After multiple sources previously told the Guardian that Erik Prince – Maga ally and founder of the now defunct mercenary company Blackwater – was looking to work with Ukraine’s invaluable drone sector, recent Securities and Exchange Commission (SEC) documents confirm he now is.
Swarmer, which bills itself as a battle-tested Ukrainian startup specializing in autonomous drone software, filed for an initial public offering and has recruited Prince to help sell the company as non-executive chair.
“Swarmer is a software-first defense technology company focused on collaborative autonomy and intelligent swarming, originating from the cauldron of modern combat in Ukraine,” said Prince in a letter to prospective stockholders in the filing, released earlier this month.
“Since April 2024, Swarmer’s platform has been deployed in Ukraine with more than 100,000 real-world missions in active combat environments, informing the software and machine-learning models that feed into it.”
Defense industry hawks have eyed the battlefield intelligence the Ukrainian military has accrued in over four years of combat with Russia. The war has caused close to 2m casualties, but global military elites, like Prince, are also seeing glimpses of what a future war between world powers might look like and what products the US or its geopolitical rival China will need to buy.
Drones, which now account for roughly 70% of all combat casualties in Ukraine, are top of the list.
On its website, Swarmer lauds endorsements from the newly installed Ukrainian defense minister, Mykhailo Fedorov, who is aggressively lobbying the US and other Nato allies to buy into his country’s weapons industry. Swarmer products, powered by artificial intelligence, are on the cutting edge of the future of war, with software enabling pilots to control drone swarms.
Swarmer mentions the potential profits in drone warfare in the same filing, noting to investors that “defense forces, including the US Department of Defense [and] Nato allies”, see “autonomous drone operations” as “requiring immediate investment”.
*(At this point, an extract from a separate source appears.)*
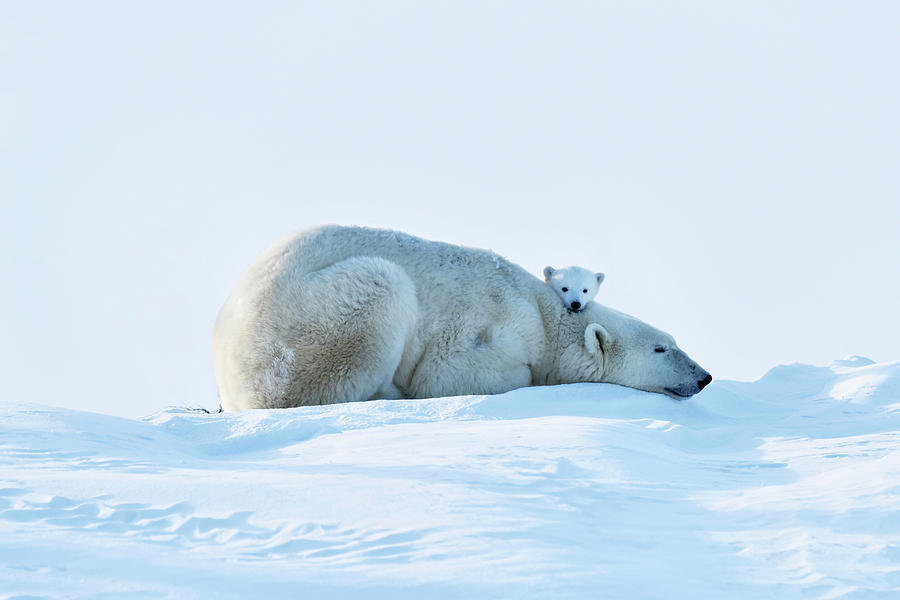 Polar Bear Mother And Cubs #5 Photograph by Dr P. Marazzi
In a July announcement on the grounds of the Pentagon, the US secretary of defense, Pete Hegseth, declared that the US was “Unleashing US Military Drone Dominance” in a memorandum calling for the mass production, purchase and adoption of all unmanned vehicle platforms.
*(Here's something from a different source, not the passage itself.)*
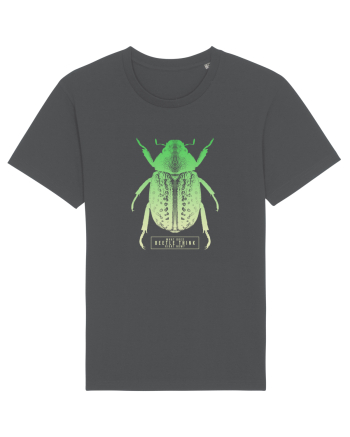What does beetle think right now? Anthracite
“Drones are the biggest battlefield innovation in a generation, accounting for most of this year’s casualties in Ukraine,” he said.
Prince has made drones a central focus of his recent business. Last year he was involved in a controversial drone assassination program in Haiti, while recent reporting puts his mercenaries in the employ of the Democratic Republic of Congo (DRC) as drone operators.
“Erik is trying to network with companies here, for Congo,” said an executive at a multinational defense contractor with business in Ukraine. “He poached some operators who served here too.”
Through a spokesperson, Prince declined to comment on his work in Ukraine and about recruiting drone operators from there to serve in the DRC. Swarmer did not respond to a request for comment regarding its relationship with Prince.
In the fall, Swarmer, which advertises several “mission templates” for drones ranging from surveillance to something it calls a “Killbox”, secured millions in investment.
Prince and a legion of Silicon Valley executives, including former Google CEO Eric Schmidt, have descended on Kyiv in recent years looking to score government contracts and access to both the software powering combat drones and the Ukrainian operators pioneering their flight.
But even as a frontman, Prince comes to Swarmer as a highly controversial figure who is also a known associate of Donald Trump’s longtime adviser Steve Bannon. Blackwater – Prince’s former company that made millions in contracts with the Pentagon and the CIA – has become synonymous with the corruption and failures of the war in Iraq. A 2007 massacre in Baghdad at the hands of some of Prince’s mercenaries led to prison sentences, congressional inquiries and the company changing its name.
Prince eventually resigned as the CEO in 2009, but hung around the defense contracting world and pursued ventures in China, the United Arab Emirates, Ecuador, South Sudan and Ukraine, where in 2020 he pitched Volodymyr Zelenskyy on a multibillion-dollar private army to help settle what was a frozen war in the eastern Donbas region.
In September, multiple sources described to the Guardian how Prince was making several trips to Kyiv, courting Ukrainian drone makers who might be eager to sell him into their business – Swarmer fitting the profile of the type of company with which he was looking to do business.
“I guess he finally found the company to invest in, in Ukraine,” said a former American special forces soldier with experience in Ukraine and knowledge of the defense companies operating there.
Swarmer has featured in western media since its founding in 2023, along with several other Ukrainian tech companies emerging from the flurry of Pentagon and Nato weapons transfers to Ukraine and the rush to continue resisting Russia’s full-scale invasion by any means necessary.
Mostly outgunned against the Kremlin’s vast arsenal and coffers, Ukraine has turned to drones and homegrown solutions as asymmetric equalizers. Recent remarks by Zelenskyy puts Swarmer among hundreds of other Ukrainian drone companies that are now active in the country.
“As of today, we have 450 companies producing drones, 40 to 50 of which are top-tier,” said Zelenskyy in a recent speech. “Everyone wants to invest, so 2026 will be a year of investment in our technologies, primarily in drones.”